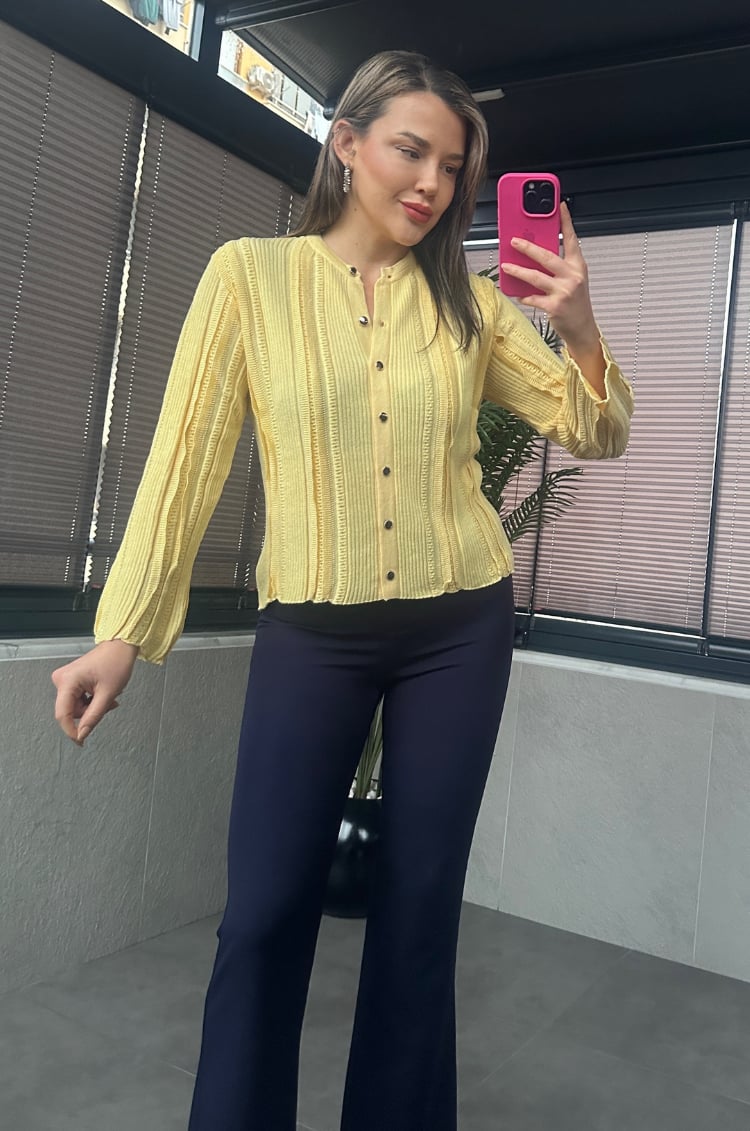 Simli İnce Dokuma Detaylı Koyu Sarı Triko Hırka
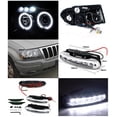 thumbnail image 2 of Spec-D Tuning Black Halo Projector Headlights w/ LED Driving Fog Compatible with Jeep Grand Cherokee Left + Right Pair Headlamps Assembly, 2 of 2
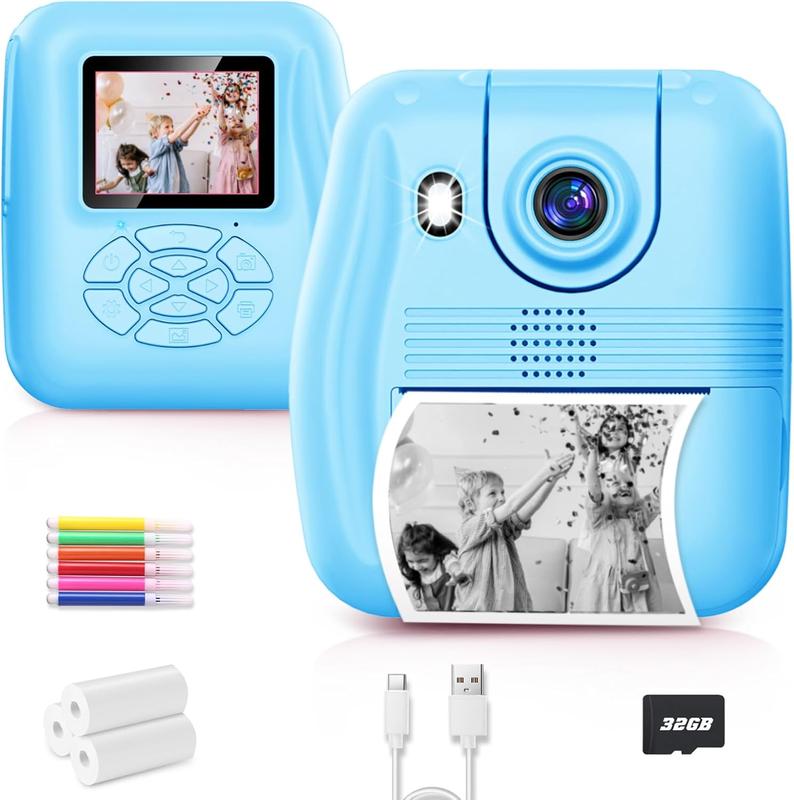 Instant Print Camera for  1080P Digital Camera, Selfie Video Phone Connected Ideal Gift Boys Girls 3-12 with 32G TF Card, Toys Gifts for Girls Boys Christmas Birthday Holiday (Blue)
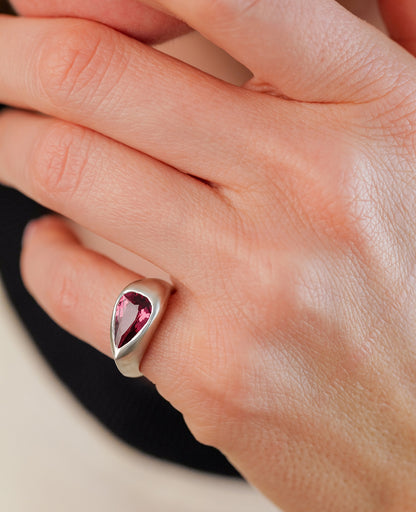 Pear Rhodolite Candy Pinky Ring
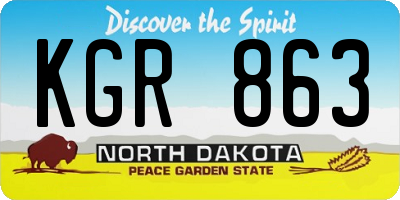 ND license plate KGR863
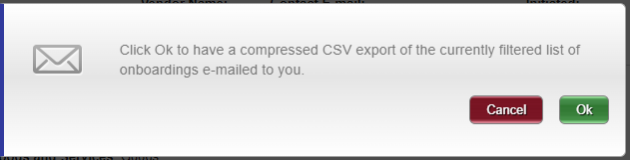 The CSV download confirmation.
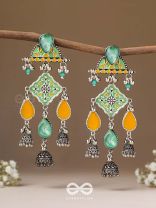 The Sunlit Grove - Stones Enamelled Oxidised Earrings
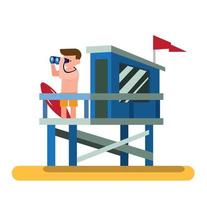 Lifeguard patrol use binocular on lifeguard tower beach flat illustration vector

YOUR OBJECTIVE >>
Beginning with the first line of the records, write out every line up to and including the one with "thumbnail image 2", exactly, and omit all pictures.

TASK OUTPUT >>
 Simli İnce Dokuma Detaylı Koyu Sarı Triko Hırka
 thumbnail image 2 of Spec-D Tuning Black Halo Projector Headlights w/ LED Driving Fog Compatible with Jeep Grand Cherokee Left + Right Pair Headlamps Assembly, 2 of 2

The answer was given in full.